Tanıklarının gözünden 15-16 Haziran
Faruk Pekin: “Cıvıl cıvıl yaşayan işçi mahalleleri var”
Faruk Pekin hem Maden-İş’te hem DİSK’te uzun yıllar boyunca uzmanlık yaptı. DİSK yöneticileri ile birlikte 12 Eylül’ün hapishane deneyimini yaşadı. 15-16 Haziran’da, Maden-İş’te olayları içinden yaşadı. Devrimci Marksizm’in 15-16 Haziran’ın 50. yıldönümü vesilesiyle yayınlanacak olan 43.sayısına verdiği mülakatta şöyle diyor:
“…cıvıl cıvıl yaşayan işçi mahalleleri var. O işçi mahallerinin çalışma tarzı çok farklı. Bakkal, mahalle bakkalı, birikmiş paraların ne zaman ödeneceğini bilir. Çünkü ona göre veresiye mal verir. Toplu sözleşmenin ne zaman biteceğini bakkal bilir… Haliç’in 1970’li yıllarını dikkate aldığımızda sağlı sollu fabrikalar var. İrili ufaklı sayarsak 600 falan fabrikadan bahsediyoruz. Ondan sonra işçi mahalleri var … o dönemde çok belirgin bir mahalle ruhu vardı. İşçi semtleri bunlar. Bu işçi semtlerinde fabrika ayrımı yok. Yandaki fabrikada çalışanla aynı mahallede aynı kahveye gidiyorlar.”

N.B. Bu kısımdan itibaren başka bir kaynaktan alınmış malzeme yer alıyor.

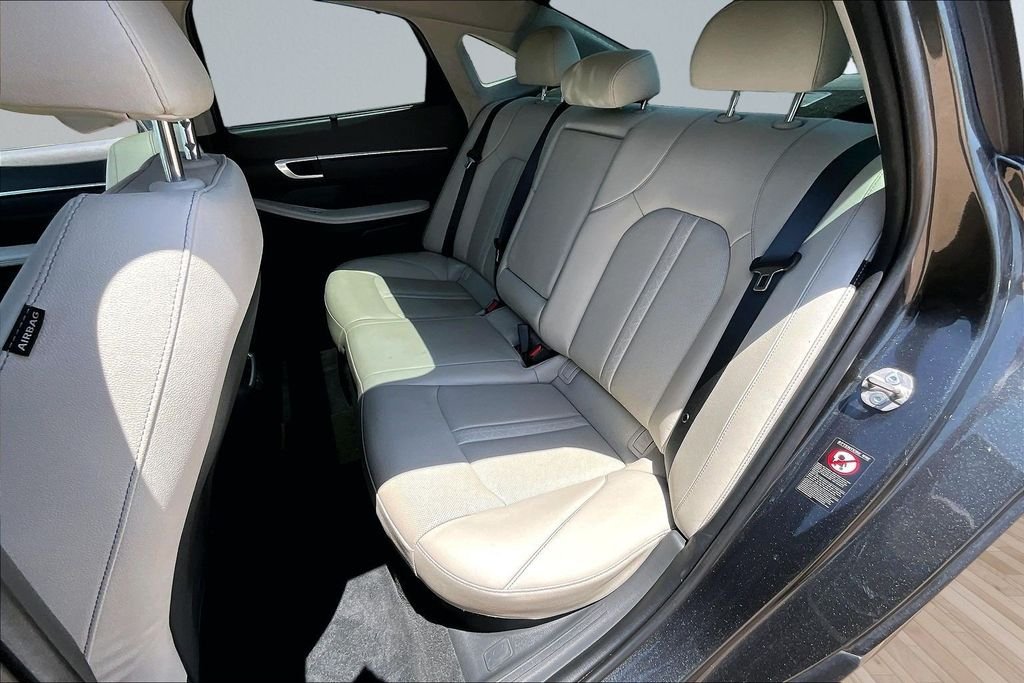 Used 2023 Gray Hyundai Limited image 25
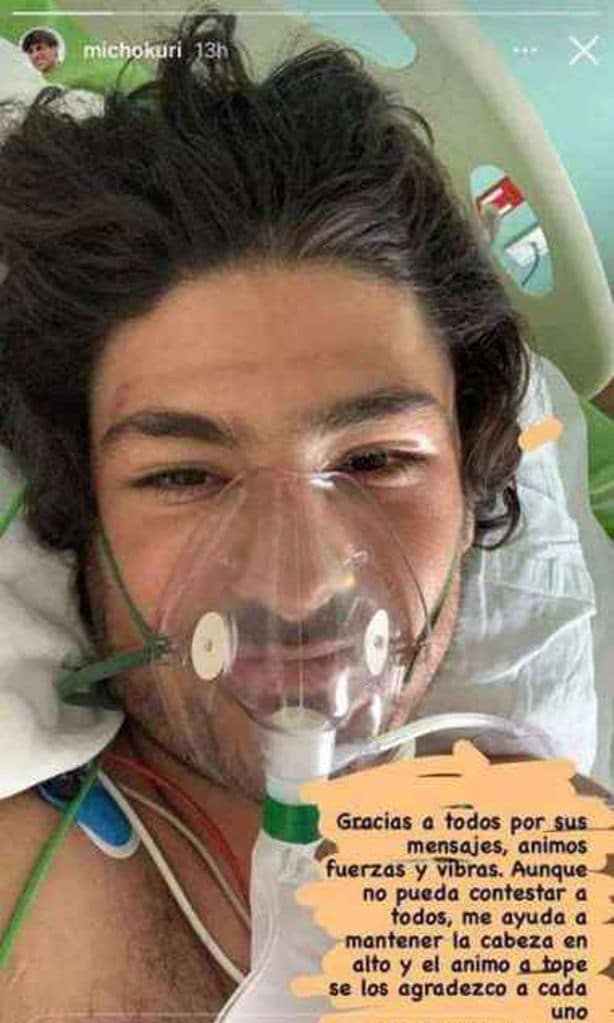 hijo de michel kuri novio de lucero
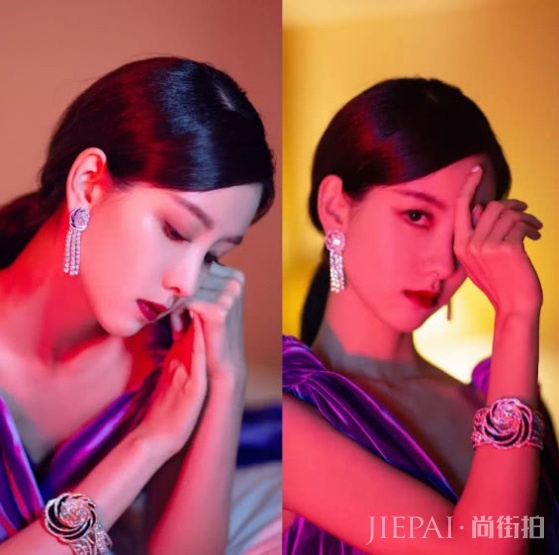 看这些女星如何演绎烟熏妆，惊艳众人，又尽显气质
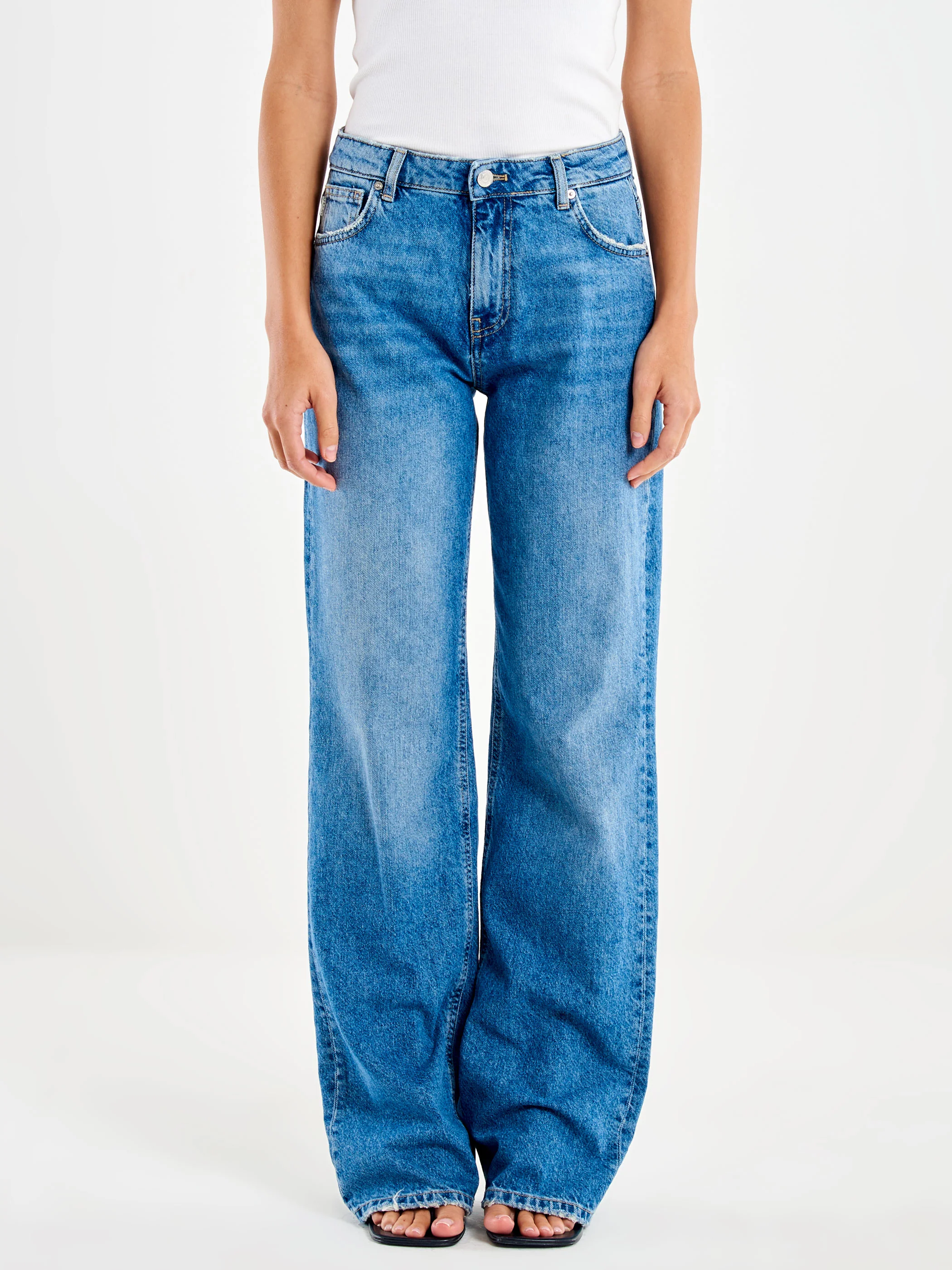JEANS DONNA ALEX DENIM BLU VICOLO DAB5141 DENIM BLU VICOLO 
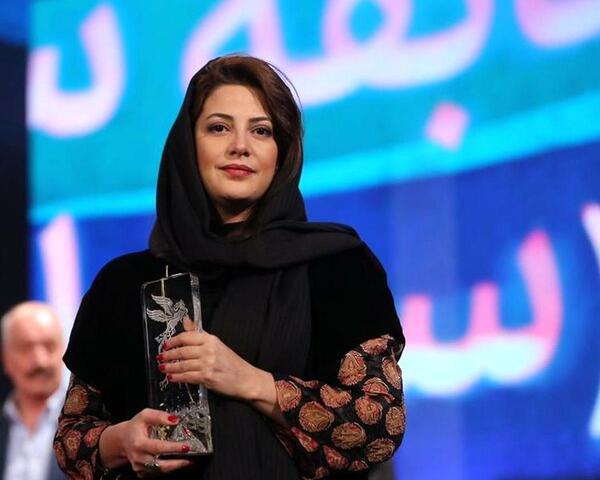 عکس طناز طباطبایی در جشنواره فجر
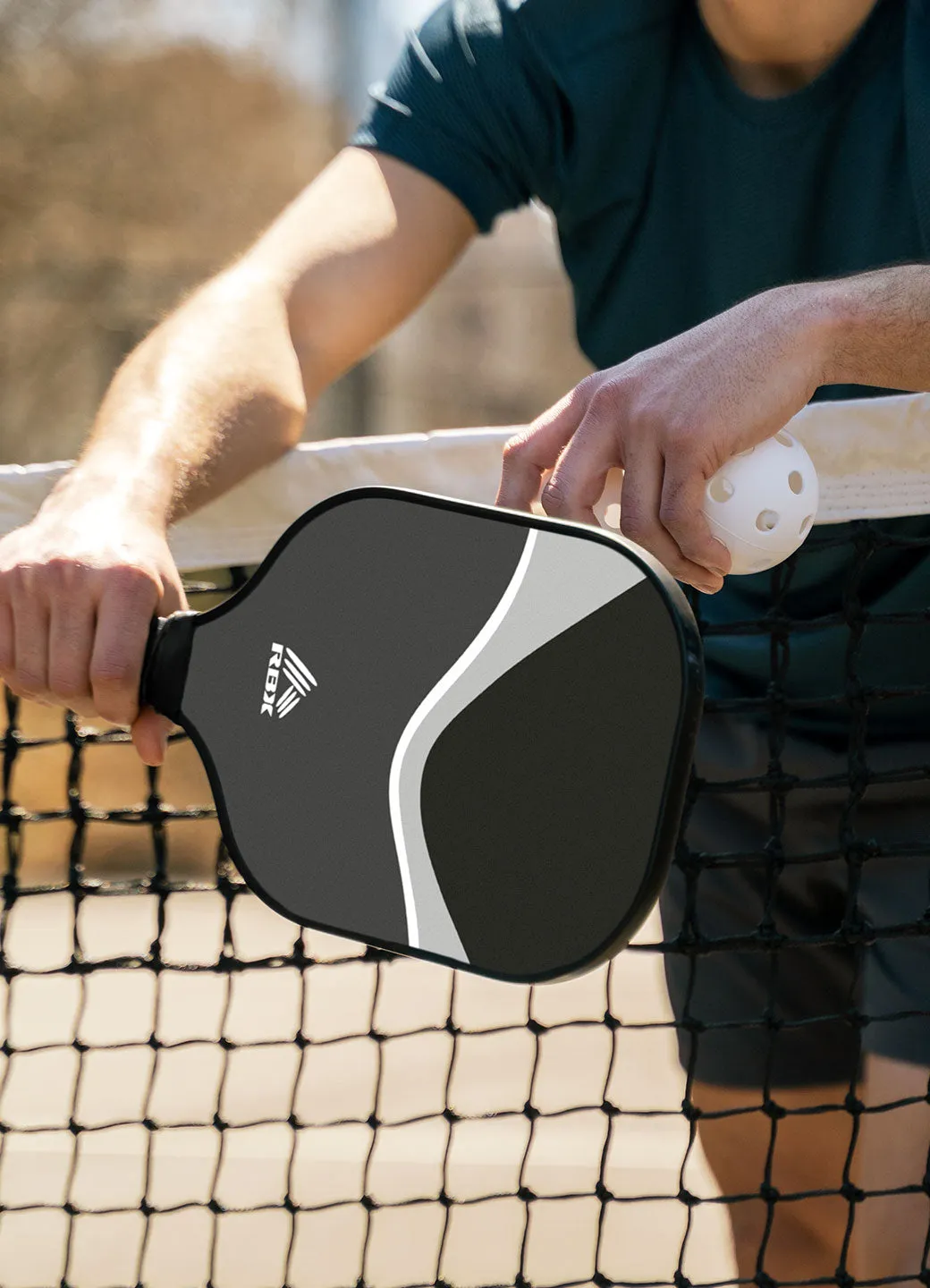 Wave Pickleball Paddle with Cover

Atilla Özsever: “Kimseyi öldürmeyin, yere ateş edin”!
Türkiye işçi hareketinin ve solun yakından tanıdığı Atilla Özsever, işçi sorunları konusundaki başarılı gazeteciliğinin, sendika eğitim faaliyetlerine katkılarının ve öğretim üyeliğinin öncesinde genç bir asker olarak 15-16 Haziran’da barikatların öteki yanında bulmuştu kendini. Komutanlığını yaptığı bölük, 15-16 Haziran’ın en çatışmalı noktası olarak bilinen Kadıköy Fenerbahçe Stadı yakınında, Kurbağalıdere’deki köprü üzerinde barikat kurmuştu. Özsever, üstlerinden gelen “manevra kurşunu” talimatına rağmen askerlerine işçilerin üzerine ateş etme emrini vermedi.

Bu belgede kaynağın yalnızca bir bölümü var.